Por Congresso em Foco /* Arcênio Rodrigues da Silva

O Senado Federal, por 50 votos a 26, aprovou a reforma trabalhista, após cenas lamentáveis protagonizadas por um grupo de senadoras, demonstrando, ainda mais, a triste realidade do nosso Parlamento, cuja atuação é simplesmente estarrecedora, conseguindo nos envergonhar cada vez mais. O Brasil há muito necessitava de uma ampla reforma trabalhista, pois contava uma legislação totalmente arcaica criada em 1943, ultrapassada em todos os sentidos, inclusive na criação e geração de empregos.

Assim, é de se destacar que a proposta aprovada pelo governo Temer, mesmo afundado em uma crise sem precedentes, tenha conseguido, com sua frágil base governista, os 50 votos favoráveis no plenário do Senado.

A proposta aprovada, se não resolve todas as questões trabalhistas, no mínimo proporciona uma relação madura e equilibrada entre empregadores e empregados tendo como base sempre a livre negociação e a prevalência do acordo entre as partes.

Considero como enorme avanço a possibilidade de empregado e empregador, de forma direta, negociar pontos fundamentais na relação de trabalho tais como: jornada de trabalho; trabalho intermitente; intervalo para almoço; período de férias de forma escalonada; a contratação de autônomos, entre outras mudanças.

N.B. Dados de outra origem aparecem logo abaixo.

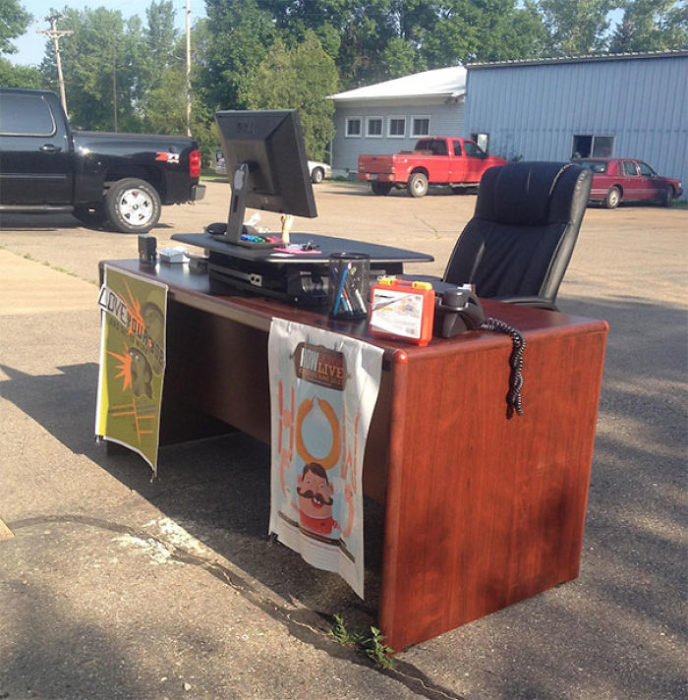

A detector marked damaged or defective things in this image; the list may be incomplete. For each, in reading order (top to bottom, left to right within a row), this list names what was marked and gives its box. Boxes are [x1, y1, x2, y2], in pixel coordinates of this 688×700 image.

Penso que tais medidas representarão uma maior transparência e segurança jurídica tanto para patrões como para os empregados, sem ferir qualquer direito trabalhista e principalmente afastando em muito a judicialização da relação trabalhista, resultando, portanto, na geração de empregos principalmente por parte das pequenas e médias empresas, em especial o setor de serviços, que hoje se ressentem do alto custo com encargos sociais, de uma legislação burocrática e defasada e dos processos manejados na Justiça Trabalhista.

Mas sem dúvida a maior conquista para trabalhadores e empregadores aprovada na reforma trabalhista é a limitação da atuação dos sindicatos e o fim da obrigatoriedade do pagamento da contribuição sindical.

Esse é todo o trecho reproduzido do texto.